LEIPZIG (BLK) – Die drei Gewinner des Preises der Leipziger Buchmesse 2007 stehen fest: In der Kategorie „Belletristik“ wurde der Wahl-Berliner Ingo Schulze (44) für seinen Prosaband „Handy. Dreizehn Geschichten in alter Manier“ zum Sieger gekürt. In der Rubrik Sachbuch/Essayistik gewann Saul Friedländer mit „Die Jahre der Vernichtung. Das Dritte Reich und die Juden 1939-1945“. Für die beste Übersetzung wurde mit der 83-jährigen Swetlana Geier die älteste nominierte Kandidatin ausgezeichnet. Sie erhielt den Preis für ihre Neu-Übersetzung von Fjodor Dostojewskijs „Der grüne Junge“.

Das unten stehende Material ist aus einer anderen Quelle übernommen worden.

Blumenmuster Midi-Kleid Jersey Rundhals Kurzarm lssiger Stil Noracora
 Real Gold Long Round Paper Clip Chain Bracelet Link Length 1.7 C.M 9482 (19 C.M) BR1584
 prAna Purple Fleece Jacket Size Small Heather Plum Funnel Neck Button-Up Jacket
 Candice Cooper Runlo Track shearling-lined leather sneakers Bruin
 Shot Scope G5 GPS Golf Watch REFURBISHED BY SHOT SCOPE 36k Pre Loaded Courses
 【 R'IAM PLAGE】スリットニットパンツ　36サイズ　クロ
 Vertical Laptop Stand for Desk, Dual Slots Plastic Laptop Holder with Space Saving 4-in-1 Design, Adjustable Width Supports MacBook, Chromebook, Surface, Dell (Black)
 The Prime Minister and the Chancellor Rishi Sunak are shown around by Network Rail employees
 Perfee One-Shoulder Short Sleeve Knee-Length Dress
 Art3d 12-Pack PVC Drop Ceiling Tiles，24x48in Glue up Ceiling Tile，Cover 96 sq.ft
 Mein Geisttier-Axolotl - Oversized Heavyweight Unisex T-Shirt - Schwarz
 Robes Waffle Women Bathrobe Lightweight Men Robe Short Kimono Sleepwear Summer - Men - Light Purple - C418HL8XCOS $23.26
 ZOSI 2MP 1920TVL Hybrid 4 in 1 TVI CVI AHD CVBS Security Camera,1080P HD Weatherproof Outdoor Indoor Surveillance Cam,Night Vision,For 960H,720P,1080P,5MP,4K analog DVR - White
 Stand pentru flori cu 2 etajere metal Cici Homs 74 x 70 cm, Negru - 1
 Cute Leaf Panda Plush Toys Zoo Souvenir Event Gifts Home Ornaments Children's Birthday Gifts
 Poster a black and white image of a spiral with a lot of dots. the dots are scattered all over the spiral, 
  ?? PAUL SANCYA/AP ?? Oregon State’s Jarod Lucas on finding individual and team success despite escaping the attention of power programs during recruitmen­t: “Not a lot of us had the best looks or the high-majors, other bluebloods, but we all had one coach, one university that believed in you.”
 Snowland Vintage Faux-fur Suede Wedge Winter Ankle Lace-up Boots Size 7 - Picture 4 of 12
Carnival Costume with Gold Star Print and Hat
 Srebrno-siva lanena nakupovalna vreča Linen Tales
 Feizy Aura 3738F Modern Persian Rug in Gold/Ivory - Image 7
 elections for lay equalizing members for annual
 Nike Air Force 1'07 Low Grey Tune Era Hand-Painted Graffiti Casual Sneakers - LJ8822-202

Betonung der gesprochenen Sprache bei Dostojewskij
Die Jury würdigte Geiers Übersetzung, „die jegliche Sprödigkeit von der Sprache abschüttelt und Dostojewskij gewissermaßen wie von allein in unsere Sprachwelt hereinholt“. Mit diesem Band hat die gebürtige Kiewerin zu den fünf großen Dostojewskij-Romanen neue Übersetzungen vorgelegt. Besonders angetan waren die Juroren von Geiers starker Betonung der gesprochenen Sprache der Figur Arkadij Dolgorukij, wodurch sich „die versuchte Autobiographie Dolgorukijs zu einem großartigen Dialog mit dem Leser steigert“.
Friedländers Werk herausragend
Der 1932 geborene israelische Historiker Saul Friedländer wurde für den zweiten Band seiner Untersuchung „Das Dritte Reich und die Juden“ gewürdigt. Ein Werk über die Verfolgung und Vernichtung der europäischen Juden, das nach Meinung der Jury einzigartig und von herausragendem Rang ist. Weiter heißt es: „Das eindringliche Buch rückt die europäische Dimension der Terrorisierung und Ermordung der Juden in den Blick; und es lässt in bisher nicht gekannter Weise die Opfer zu Wort kommen. Deren Stimmen werden anhand von Tagebuchaufzeichnungen, Briefen und Erinnerungen vernehmlich.“
Virtuos und beiläufig
Ingo Schulze betonte in seiner Dankesrede die Freude darüber, ausgerechnet mit Swetlana Geier und Saul Friedländer geehrt zu werden. Ansonsten übte er sich in Bescheidenheit, empfahl die Bücher der mitnominierten Belletristik-Kollegen weiter und riet dem Publikum, sich überhaupt nicht um die Empfehlungen der Jury zu kümmern. Die würdigte sein Buch ihrerseits dafür, die klassischen Formen der Kurzgeschichte virtuos für die Erfassung der Gegenwart fruchtbar zu machen. „In beiläufigem, scheinbar kunstlosem Ton entwirft Schulze Alltagssituationen, die unvermittelt eine existenzielle Dimension offenbaren und die gesellschaftlichen Umbrüche unserer Gegenwart sichtbar machen“, lobten die Jury, zu der auch Sigrid Löffler und Martin Lüdke zählten.
Literaturangaben:
SCHULZE, INGO: Handy. Dreizehn Geschichten in alter Manier. Berlin Verlag, Berlin 2007. 288 S., 19,90 €.
FRIEDLÄNDER, SAUL: Die Jahre der Vernichtung. Das dritte Reich und die Juden 1939-1945. C.H. Beck Verlag, München 2006. 864 S., 34,90 €.
DOSTOJEWSKIJ, FJODOR: Ein grüner Junge. Aus dem Russischen von Swetlana Geier. Ammann Verlag, Zürich 2006. 829 S., 65,90 €.